Once host is shutdown, I'll reseat dimm B3, clear the SEL, and power it back up!

https://wikitech.wikimedia.org/wiki/Cache_servers#Depool_and_downtime is correct, it just needs to be depooled (it will auto-depool on shutdown, but a manual depool is preferable).

See also T178011 for last time. Why didn't the icinga EDAC check catch this?

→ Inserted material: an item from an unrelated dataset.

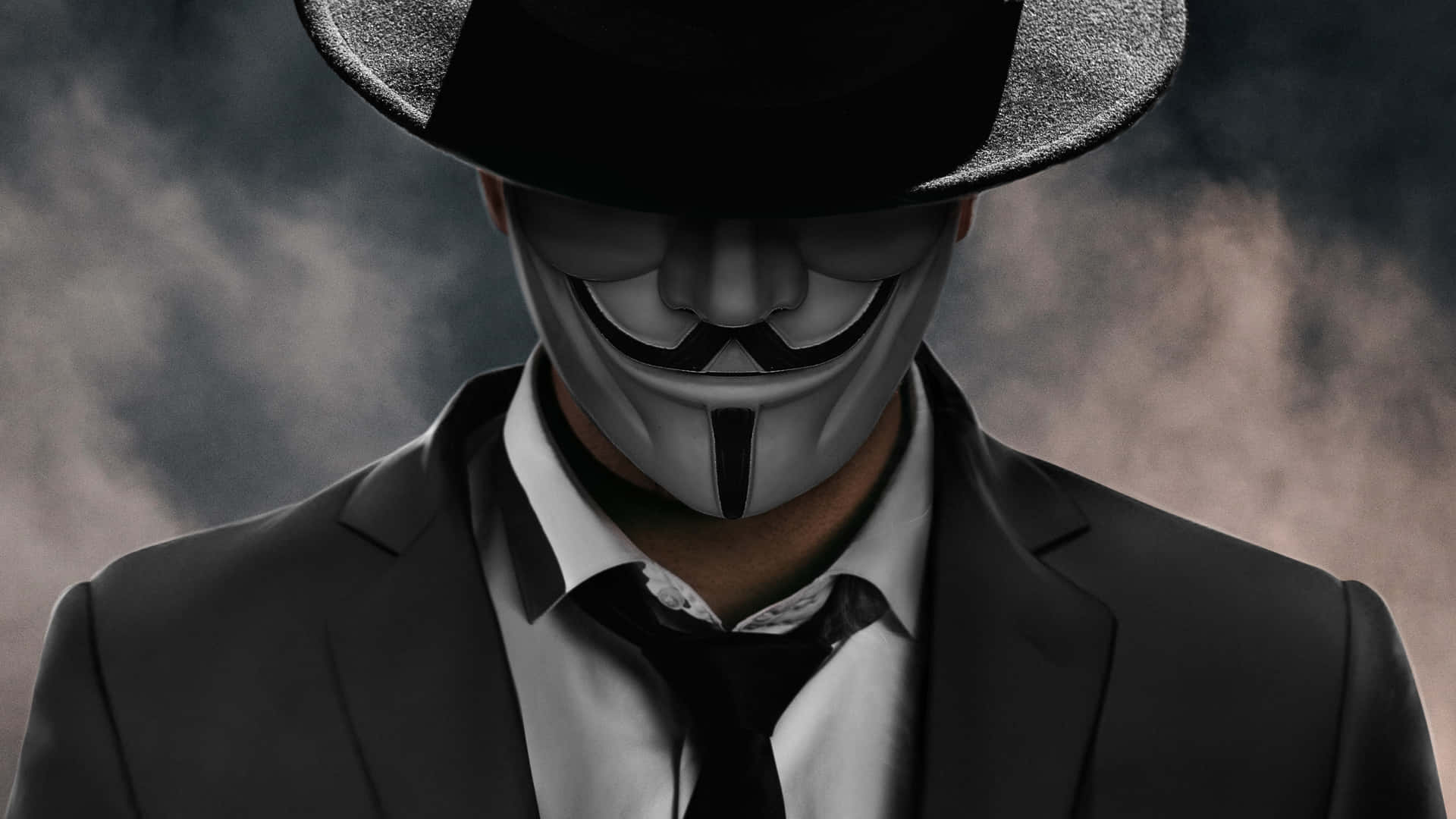 身穿西裝和軟呢帽，戴著蓋伊·福克斯面具的人物，背景煙霧彌漫。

Mentioned in SAL (#wikimedia-operations) [2019-02-06T19:13:39Z] <robh> taking cp4026 offline to flash firmware and reseat dimm for testing on T214516

robh@cp4026:~$ sudo ipmi-sel
ID  | Date        | Time     | Name             | Type                     | Event
1   | Apr-23-2017 | 23:39:37 | SEL              | Event Logging Disabled   | Log Area Reset/Cleared
2   | May-03-2017 | 15:45:10 | PS Redundancy    | Power Supply             | Fully Redundant
3   | Sep-21-2017 | 03:57:01 | Status           | Power Supply             | Power Supply input lost (AC/DC)
4   | Sep-21-2017 | 03:57:01 | PS Redundancy    | Power Supply             | Redundancy Lost
5   | Sep-21-2017 | 04:28:01 | Status           | Power Supply             | Power Supply input lost (AC/DC)
6   | Sep-21-2017 | 04:28:11 | PS Redundancy    | Power Supply             | Fully Redundant
7   | Oct-05-2017 | 07:20:45 | Mem ECC Warning  | Memory                   | transition to Non-Critical from OK ; OEM Event Data2 code = A0h ; OEM Event Data3 code = 01h
8   | Oct-05-2017 | 07:30:31 | Mem ECC Warning  | Memory                   | transition to Critical from less severe ; OEM Event Data2 code = A0h ; OEM Event Data3 code = 01h
9   | Oct-12-2017 | 00:03:42 | Status           | Power Supply             | Power Supply input lost (AC/DC)
10  | Oct-12-2017 | 00:03:42 | PS Redundancy    | Power Supply             | Redundancy Lost
11  | Oct-12-2017 | 00:05:07 | Status           | Power Supply             | Power Supply input lost (AC/DC)
12  | Oct-12-2017 | 00:05:17 | Status           | Power Supply             | Power Supply input lost (AC/DC)
13  | Oct-17-2017 | 18:01:23 | Status           | Power Supply             | Power Supply input lost (AC/DC)
14  | Oct-17-2017 | 18:01:28 | PS Redundancy    | Power Supply             | Fully Redundant
15  | Oct-17-2017 | 21:32:43 | Intrusion        | Physical Security        | General Chassis Intrusion ; OEM Event Data2 code = 02h
16  | Oct-17-2017 | 21:32:48 | Intrusion        | Physical Security        | General Chassis Intrusion ; OEM Event Data2 code = 02h
17  | Dec-18-2018 | 18:02:36 | PS Redundancy    | Power Supply             | Redundancy Lost
18  | Dec-18-2018 | 18:02:36 | Status           | Power Supply             | Power Supply input lost (AC/DC)
19  | Dec-18-2018 | 18:05:26 | Status           | Power Supply             | Power Supply input lost (AC/DC)
20  | Dec-18-2018 | 18:05:36 | PS Redundancy    | Power Supply             | Fully Redundant
21  | Dec-18-2018 | 18:14:47 | Status           | Power Supply             | Power Supply input lost (AC/DC)
22  | Dec-18-2018 | 18:14:52 | PS Redundancy    | Power Supply             | Redundancy Lost
23  | Dec-18-2018 | 18:19:07 | Status           | Power Supply             | Power Supply input lost (AC/DC)
24  | Dec-18-2018 | 18:19:12 | PS Redundancy    | Power Supply             | Fully Redundant
25  | Dec-22-2018 | 04:13:13 | Mem ECC Warning  | Memory                   | transition to Non-Critical from OK ; OEM Event Data2 code = A1h ; OEM Event Data3 code = 04h
26  | Dec-22-2018 | 05:09:48 | Mem ECC Warning  | Memory                   | transition to Critical from less severe ; OEM Event Data2 code = A1h ; OEM Event Data3 code = 04h
robh@cp4026:~$

Mentioned in SAL (#wikimedia-operations) [2019-02-06T19:50:53Z] <robh> updated firmware on cp4026 and re-seated (already well seated) dimm b3. errors have cleared for now T214516

Ok, things I did to fix this system so far:

  • set system and services/mgmt to maint mode for 2 hours
  • updated task with full SEL log output
  • powered off system
  • updated firmware for bios, includes all memory handing, required for opening Dell support cases
  • ensured dimm b3 was seated properly (it was)
  • wiped rac log and returned to service

If this has further errors, there is now this task history to track it.